Tutorial: A Verified Interpreter

1. Introduction

To close the series, we’ll build an interpreter for an expression language with algebraic effects. The free monad lets us separate what we want to do (a syntactic description of effectful computation) from how we want to do it (interpreting the effects).

Introduction
Language and Effects
Interpreter
Verification
Conclusion
References

2. Language and Effects

We begin by defining a tiny expression language with integers, variables, addition, and division. The Env type represents environments as mappings of variables to values.

inductive Expr where
  | val : Int → Expr
  | var : String → Expr
  | add : Expr → Expr → Expr
  | div : Expr → Expr → Expr

abbrev Env := List (String × Int)

We also define a single effect signature with constructors for mutable state (the environment), errors (failed variable lookups or division by zero), and a trace log (for inspection or debugging).
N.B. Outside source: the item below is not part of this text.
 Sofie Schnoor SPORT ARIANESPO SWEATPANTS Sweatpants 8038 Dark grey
inductive EffectSig : Type → Type where
  | Get  : EffectSig Env
  | Put  : Env → EffectSig Unit
  | Fail : String → EffectSig Unit
  | Log  : String → EffectSig Unit

EffectSig is a description of the available commands in our language. Our computations will live in the type FreeM EffectSig α, syntax trees of abstract effects that eventually return a value of type α. Adding a new effect is just adding another constructor.

Lifting Effects into the Syntax Tree

To construct nodes in our effect AST, we define helpers that wrap each command in the FreeM monad. The generic lift is the morphism lift : F → FreeM F from the universal property diagram.
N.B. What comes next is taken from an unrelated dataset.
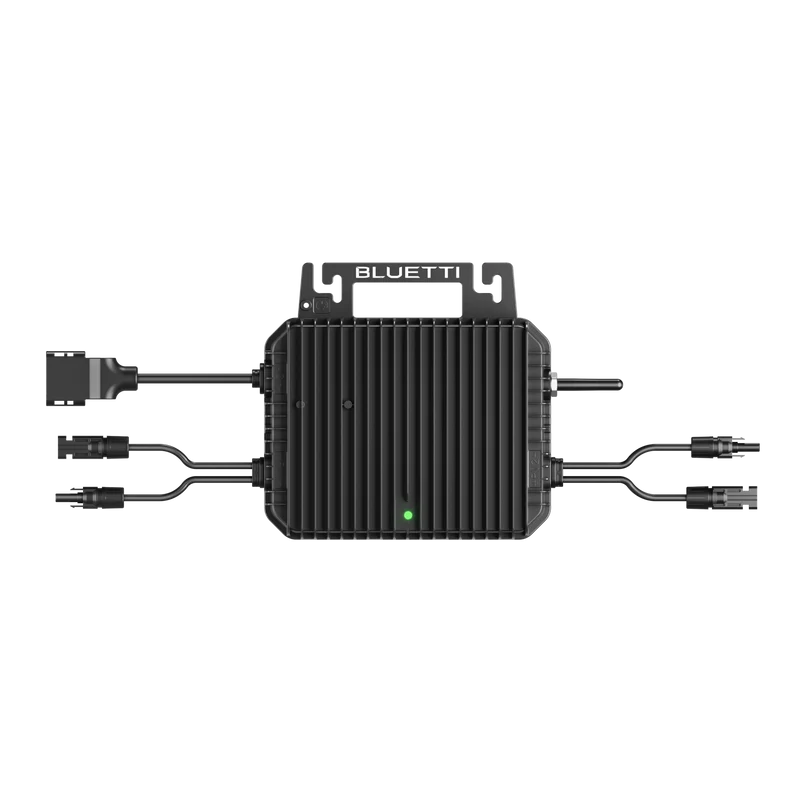 A80P Microinverter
def lift (op : F ι) : FreeM F ι :=
  .liftBind op pure

def getEnv : FreeM EffectSig Env := FreeM.lift EffectSig.Get
def putEnv (e : Env) : FreeM EffectSig Unit := FreeM.lift (EffectSig.Put e)
def fail (msg : String) : FreeM EffectSig Unit := FreeM.lift (EffectSig.Fail msg)
def log (msg : String) : FreeM EffectSig Unit := FreeM.lift (EffectSig.Log msg)

Writing a Program

A little program that logs a message, updates the environment, reads back a variable, and returns its increment.
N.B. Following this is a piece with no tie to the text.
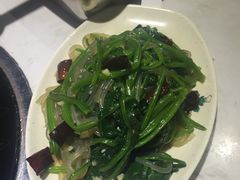 -蛙蛙叫干锅年代(簋街总店)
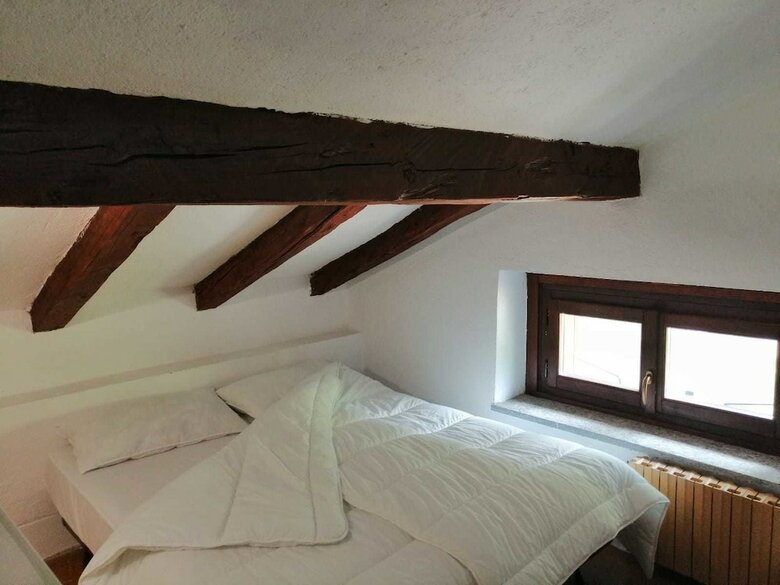 Posada Rifugio Guido Rey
def ex : FreeM EffectSig Int := do
  log "Starting"
  putEnv [("x", 10)]
  let env ← getEnv
  match env.find? (⋅.fst = "x") with
  | some (_, x) => pure (x + 1)
  | none => do fail "x not found"; pure 0

This program isn’t doing anything yet. It’s a tree built from pure and bind whose nodes are abstract effect labels, a value of type FreeM EffectSig Int that describes what should happen, not how. Treating effects as data is what gives us the leverage to interpret the same program in different ways.

3. Interpreter

To run a program of type FreeM EffectSig α, we fold its syntax tree into a concrete effectful computation. The semantic domain we’ll fold into is just a function from an environment and trace to a possibly-failing tuple.

abbrev Trace := List String
abbrev EffAction (α : Type) := Env → Trace → Except String (α × Env × Trace)

The fold is just the recursor over FreeM, the analogue of List.foldr for the free monad.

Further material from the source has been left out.